From: Phil Bouchard <boost_at_[hidden]>
Date: Thu, 1 Jun 2023 11:04:26 -0400
On 6/1/23 10:42, Jason McKesson via Std-Proposals wrote:

>>> Are you suggesting that the compiler analyse the if-find line, find all lockable
>>> elements in use there, then lock them behind the scenes without user action
>>> and keep them locked until the end of the scope?
>>
>> Yes that's what I am trying to say since the beginning.
>
> That is not possible in general. Some of that stuff can be hidden
> behind function calls that are opaque to the compiler. It does not
> know what gets called in that code, and since the object is shared, it
> may not even be obvious whether the opaque function call can access
> it.
>
> Therefore, the compiler has two choices: don't automagically engage
> the lock (and therefore potentially break code), or do automagically
> engage the lock. But the latter can be pretty bad too; if the opaque
> function doesn't use it, you now lock the container for an
> indeterminate period of time. Especially since the opaque function can
> have arbitrary amounts of code in it.

Why would it be indeterminate assuming you have a
"thread-scope-recursive" mutex?

>> Here is just an
>> example of the net code the compiler would see after making temporary
>> variables last for the duration of the conditional scope:
>> https://github.com/philippeb8/std__ts/blob/master/ts.cpp#L23
>>
>>>> Again, where's the problem if both containers feature a recursive mutex?
>>>
>>> Recursion is not the problem.
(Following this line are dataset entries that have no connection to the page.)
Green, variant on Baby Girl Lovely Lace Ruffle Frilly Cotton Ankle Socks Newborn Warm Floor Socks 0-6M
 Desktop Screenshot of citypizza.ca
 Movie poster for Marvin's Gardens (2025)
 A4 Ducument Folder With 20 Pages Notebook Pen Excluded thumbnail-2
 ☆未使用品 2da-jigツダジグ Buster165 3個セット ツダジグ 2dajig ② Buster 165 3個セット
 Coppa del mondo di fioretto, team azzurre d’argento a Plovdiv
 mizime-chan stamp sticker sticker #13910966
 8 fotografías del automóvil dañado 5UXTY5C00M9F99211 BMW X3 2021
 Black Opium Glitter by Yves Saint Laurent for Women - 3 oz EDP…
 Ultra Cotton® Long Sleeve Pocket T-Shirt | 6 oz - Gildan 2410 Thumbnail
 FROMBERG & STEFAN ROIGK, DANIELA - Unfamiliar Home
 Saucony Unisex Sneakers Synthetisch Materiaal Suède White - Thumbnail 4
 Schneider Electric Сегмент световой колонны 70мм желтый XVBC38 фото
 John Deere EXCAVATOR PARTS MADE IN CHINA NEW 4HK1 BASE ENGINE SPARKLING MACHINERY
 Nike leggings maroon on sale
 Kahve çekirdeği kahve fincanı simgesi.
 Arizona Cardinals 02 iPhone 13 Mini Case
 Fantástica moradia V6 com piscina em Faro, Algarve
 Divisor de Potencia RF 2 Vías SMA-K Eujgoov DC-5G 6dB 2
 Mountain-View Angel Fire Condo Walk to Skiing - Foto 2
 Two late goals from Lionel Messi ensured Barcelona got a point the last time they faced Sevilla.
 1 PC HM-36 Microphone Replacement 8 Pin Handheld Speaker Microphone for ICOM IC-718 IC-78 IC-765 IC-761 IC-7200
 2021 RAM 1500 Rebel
Atomicity of the action is. The point I tried to
>>> make with the previous example is that one must reason about the duration of
>>> the lock to decide when it must start and when it must end, so the conditions
>>> don't change between statements. This is also the analogy of the transaction
>>> that someone else posted in this thread.
>>>
>>> With the simple examples we're discussing here, it might be obvious what to do
>>> and thus make solutions obvious. What others and I are telling you is that
>>> when it gets to really complex thread-safe code, you *have* to reason about
>>> when locks must start and when they must end, and what other locks you have.
>>> Plus, reason about the order of locks, to avoid deadlocks.
>>>
>>> Thread-safety requires having the smallest possible critical sections, but no
>>> smaller. If you pulverise your locks, you add overhead and actually lose
>>> safety.
>>>
>>>> Regarding teaching, this is higher-level programming so a new namespace
>>>> should encompass these new classes.
>>>
>>> That's not what I meant. You're oversimplifying the answer to a complex
>>> question. Refer back to the top of this email:
>>>
>>> if (!container.empty())
>>> container.push)back(1);
>>>
>>> This may have no data race and thus cause no data corruption, but it's not
>>> what was required because the states may have changed. If this is still
>>> allowed, then just using the container in question does *not* confer thread-
>>> safety. And therefore, if it is allowed to compile, how do you propose we
>>> teach everyone *how* to write code to actually make it thread-safe?
>>
>> You add some type trait allowing the compiler to determine whether the
>> class is a "thread-safe" class or not.
>
> This is what I like to call "bulldozer design". You declare that you
> want X, and when people point out problems with achieving X, you take
> a bulldozer to whatever those problems are. Every time someone points
> out a problem, you say "oh, we'll add a niche solution to fix that."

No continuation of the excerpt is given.